The holder of this Revolving Note, at its option, may make extensions of time for payment of the indebtedness evidenced by this Revolving Note, or approve reductions of the payments thereon, release of any collateral securing payment of such indebtedness or accept a renewal Revolving Note or Revolving Notes therefore, all without notice to Company or any endorser(s), and Company and all endorsers hereby severally consent to any such extensions, reductions, releases and renewals, all without notice, and agree that any such action shall not release or discharge any of them from any liability hereunder. Company and endorser(s), jointly and severally, waive demand, presentment for payment, protest, notice of protest and notice of nonpayment or dishonor of this Revolving Note and each of them consents to all extensions of the time of payment thereof.

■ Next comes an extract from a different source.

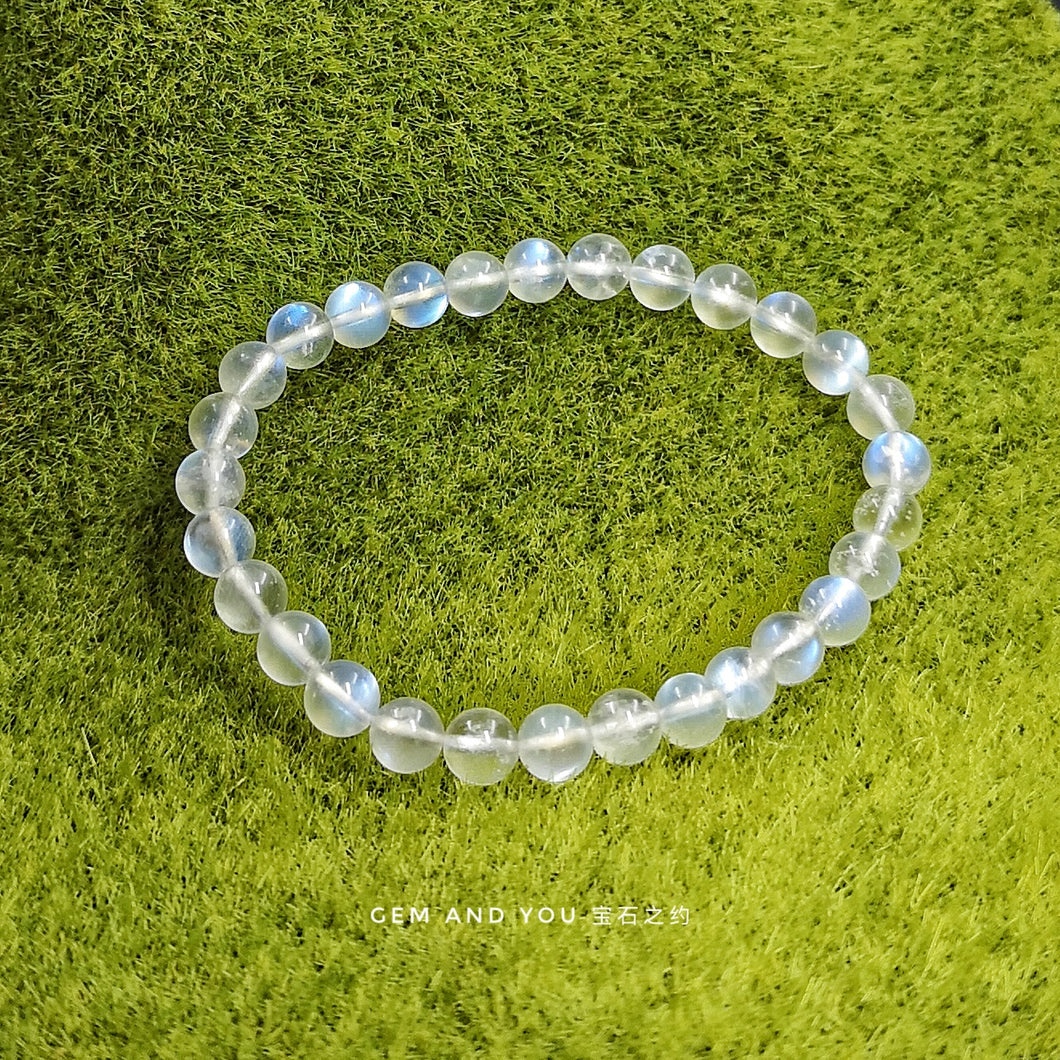 Rainbow moonstone bracelet 6.5mm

The principal amount of this Revolving Note outstanding from time to time shall be determined by reference to the books and records of FHI on which shall be recorded each Advance under the Revolving Loan evidenced by this Revolving Note, and all payments by Company on account of such Revolving Loan. Such books and records shall be deemed prima facie to be correct on such matters.
This Revolving Note is made under and will be governed in all cases by the substantive laws of the State of Ohio, notwithstanding the fact that Ohio conflicts of laws rules might otherwise require the substantive rules of law of another jurisdiction to apply.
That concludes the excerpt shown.